**Problem to solve**
Your task is to retype, exactly and without pictures, the line holding "Gazette nationale, ou" and each line that follows it to the end of the entries.
-- Record excerpts follows --
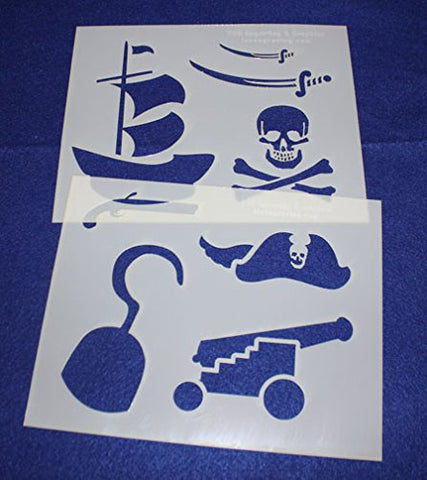 Pirate Stencils -Mylar 2 Pieces of 14 Mil 8" X 10" - Painting /Crafts/ Templates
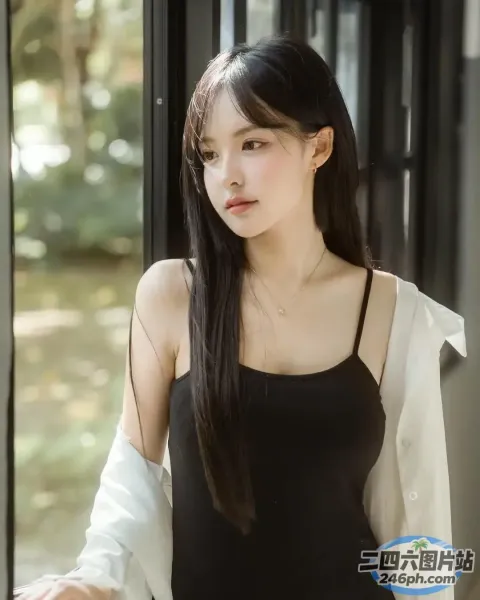 一个穿着黑色上衣和白色衬衫的女人站在窗边
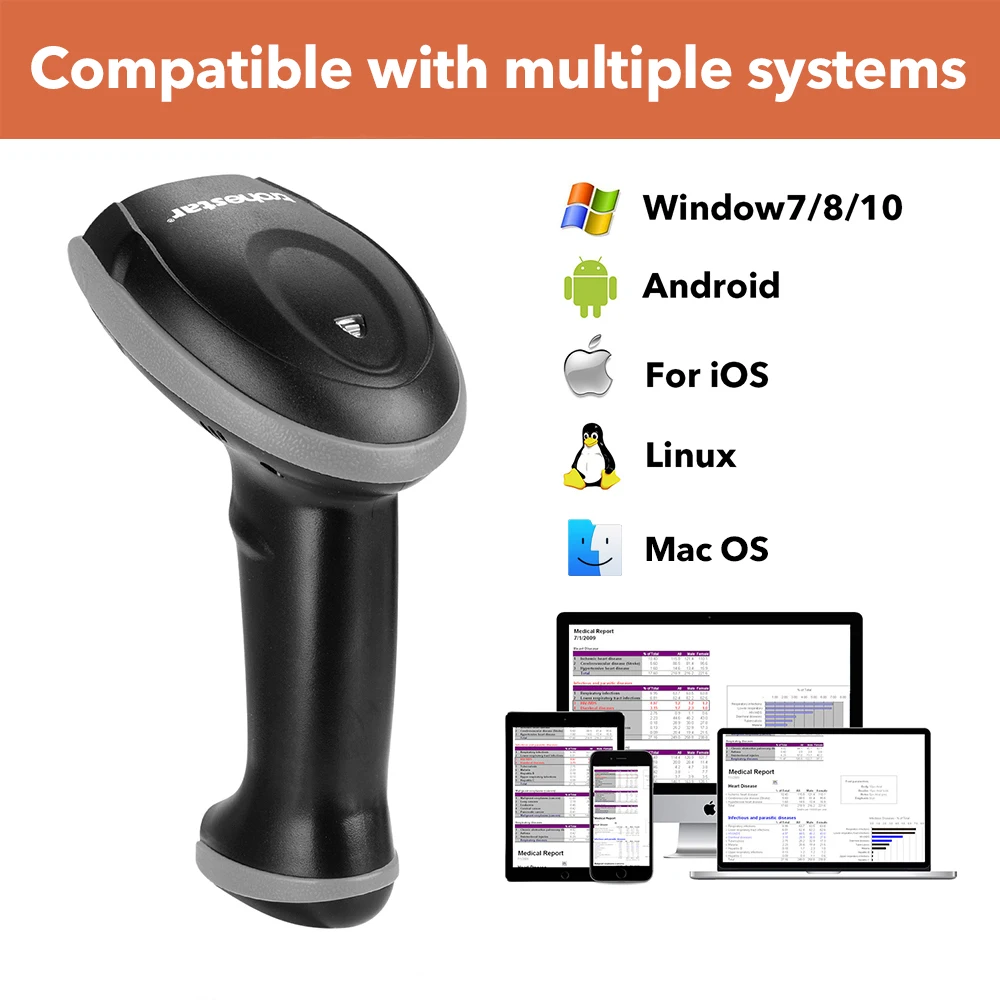Trohestar Wireless Barcode Scanner 2.4GHz1D 2D Bar Code Reader USB Scanners Charging Cradle leitor de codigo de barra 2D Scanner
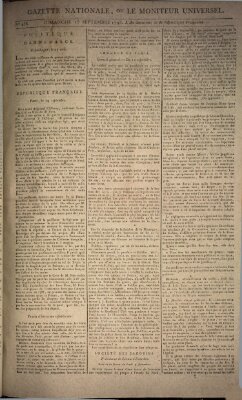 Gazette nationale, ou le moniteur universel (Le moniteur universel) Sonntag 15. September 1793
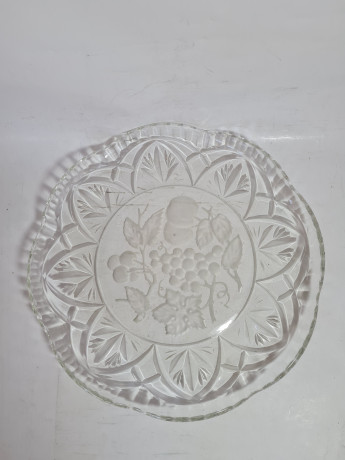 Блюдо винтажное Walther Glas Im Stil с фруктовым декором, стекло, 30 x 3 см, Германия, 1960-70гг.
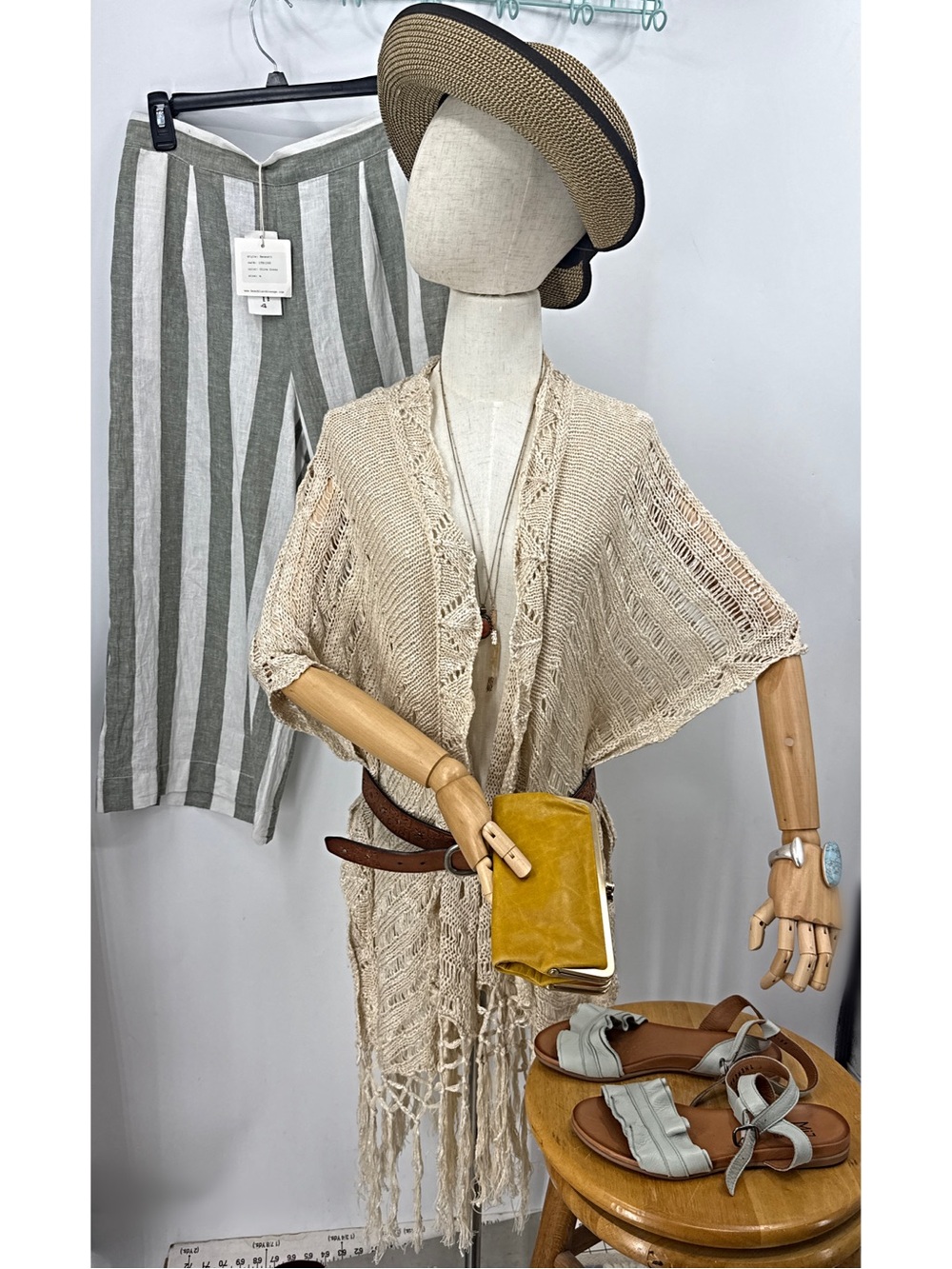 Kori America bohemian  crochet open front fringe duster poncho cardigan S/M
-- Record excerpts concluded --
**Written answer**
 Gazette nationale, ou le moniteur universel (Le moniteur universel) Sonntag 15. September 1793
 Блюдо винтажное Walther Glas Im Stil с фруктовым декором, стекло, 30 x 3 см, Германия, 1960-70гг.
 Kori America bohemian  crochet open front fringe duster poncho cardigan S/M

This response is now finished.